O caso Flávia Tamayo lembra muito outros dois
que tiveram grande repercussão pelo mesmo motivo, o da jovem Suzane von
Richthofen, aquela loirinha, linda, educada…que matou os pais. É como se a
sociedade se recusasse a aceitar que uma mulher branca, de olhos claros, cabelos
perfeitos, corpo curvilíneo…pudesse ser assassina. Também lembra o caso do
assassinato da Daniela Perez, filha da Gloria Perez, pelo moreno alto, bonito e
sensual Guilherme de Pádua. Ninguém queria acreditar que foi ele quem matou a
atriz…mas foi.
Em uma sociedade que está beirando o niilismo
ético, é como se as pessoas quisessem desesperadamente ver no “melhor” que a
sociedade pode produzir a boia salva vidas de valores perdidos onde possam se
agarrar para não se afogar no mar de degeneração moral. O problema é que
pessoas bonitas, com traços simétricos, brancas, altas, loiras, magras, com
olhos azuis ou verdes não são, obrigatoriamente, sinônimos de pudor,
honestidade, afabilidade, respeito, sinceridade, responsabilidade, lealdade…assim
como pessoas feias, com traços assimétricos, negras, baixas, cabelos encaracolados,
gordas, olhos castanhos não são sinônimos de despudor, desonestidade,
desrespeito, falsidade…tudo é estereótipo criado pela mesma sociedade que agora
luta para respirar em meio a uma poluição ética caótica criada por ela mesma.

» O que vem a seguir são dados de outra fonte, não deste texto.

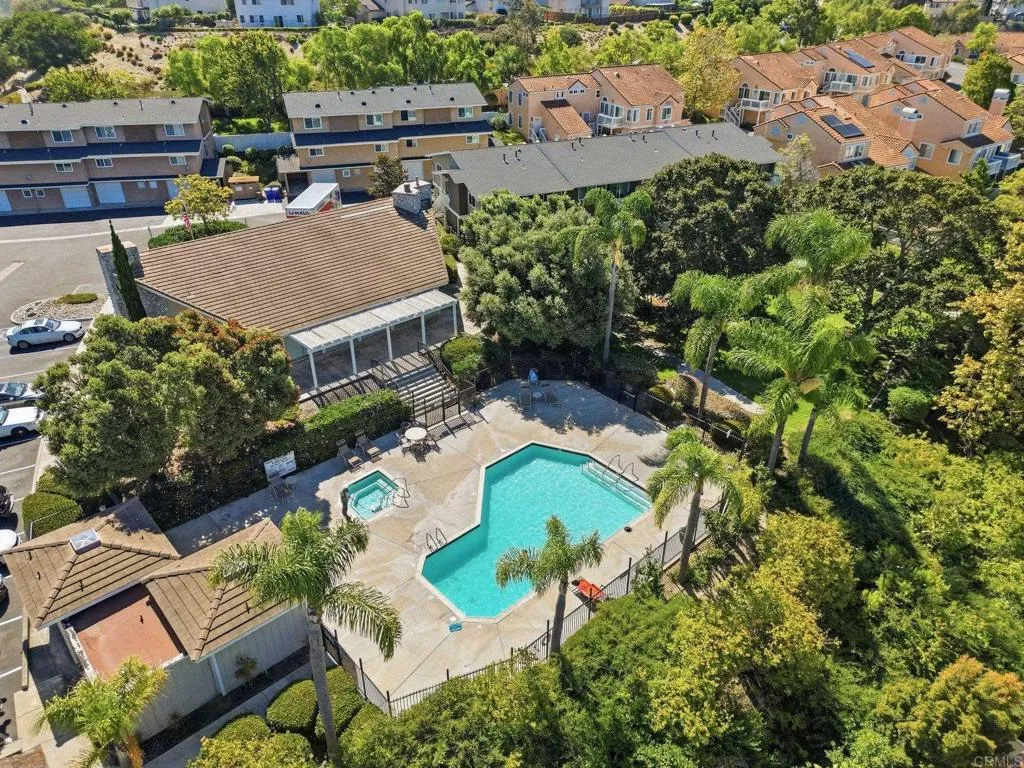 https://cdn.realtyfeed.com/cdn/127/306784617/f04fd5257b618ff683062470d6b1a27d.webp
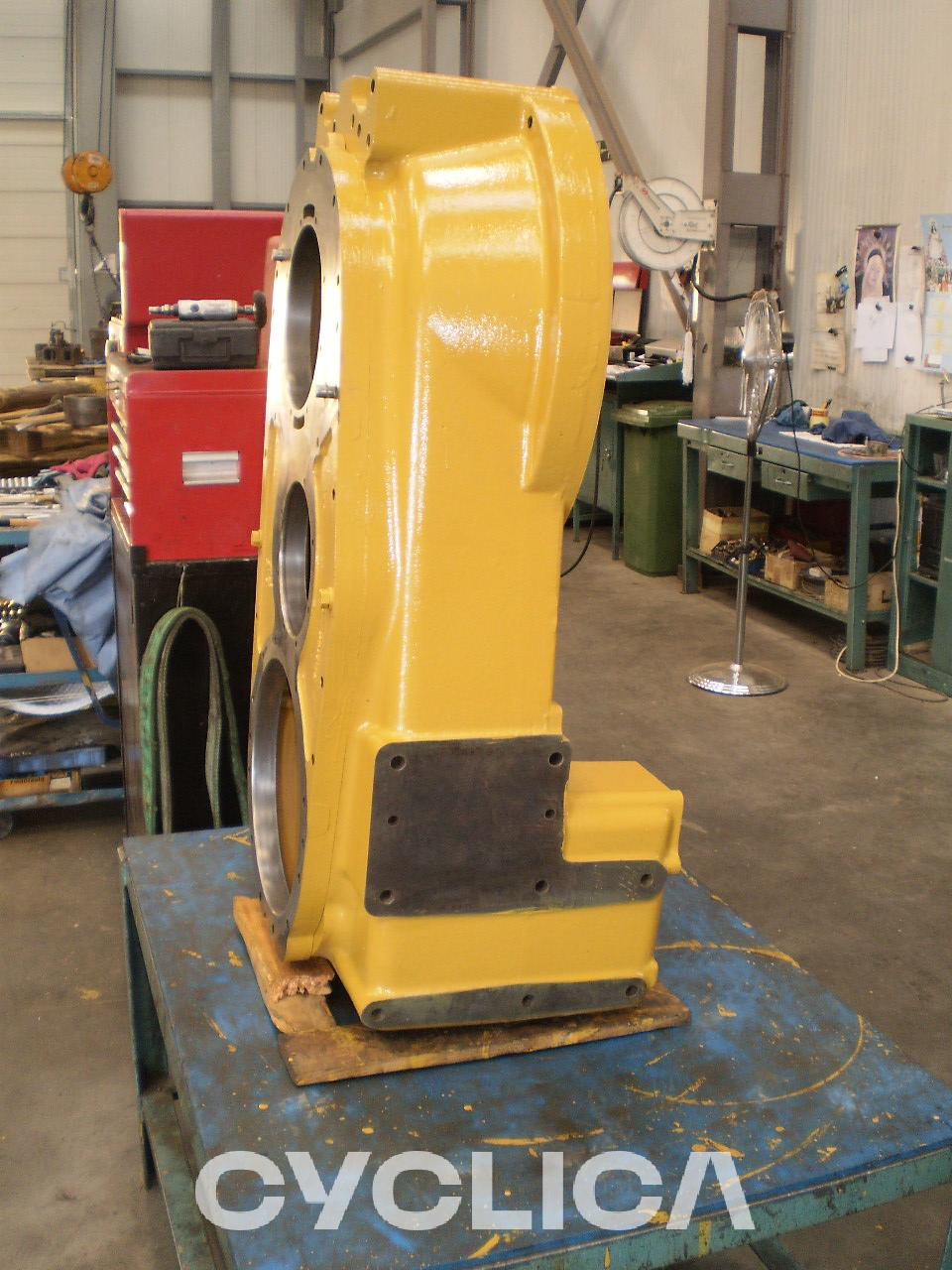 Pogonski sklop  988B 3T7389 - 1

Tão errado quanto, é pensar que o melhor da sociedade só pode estar nos
condomínios luxuosos, nos edifícios suntuosos, dirigindo carros caros, nas
universidades particulares, nos clubes privados…o melhor da sociedade pode
estar nas favelas, nas meias-águas, andando de bicicleta, nas escolas públicas,
nos piscinões…o melhor da sociedade pode estar em qualquer lugar ou em lugar
nenhum.
Resumindo, o incomodo causado pela prisão da
Flávia Tamayo não tem nada a ver com a Flávia Tamayo, mas com a sociedade que
esperava mais da Flávia Tamayo do que realmente Flávia Tamayo é. O problema é a
imagem positiva que a sociedade esperava da Flávia Tamayo como reflexo dela
mesma, ou do melhor que ela poderia ser, uma espécie de arquétipo do bem coletivo
projetado no individual para dar sentido ao coletivo. É o mesmo pré-julgamento
que a sociedade faz das minorias, do negro, do pobre, do gay, do refugiado, do deficiente…só
que ao contrário, uma espécie de discriminação às avessas. A justiça da
sociedade pós-moderna não é cega, pelo contrário, enxerga demais, vê o que não
existe, traz consigo um pré-conceito de um cidadão perfeito e nele a beleza
estética além de moldada na argila dos dez por cento mais privilegiados da
população com todos os seus traços étnicos e culturais ainda é um sujeito politicamente
correto.
E quem é realmente a bela Flávia Tamayo
nessas alturas do campeonato? Bom se quiser conhece-la de verdade não é nas
páginas coloridas de papel brilhante e caro assinadas por J.R. Duran, mas em
sites especializados em pornografia com a sugestiva alcunha de Pâmela Pantera.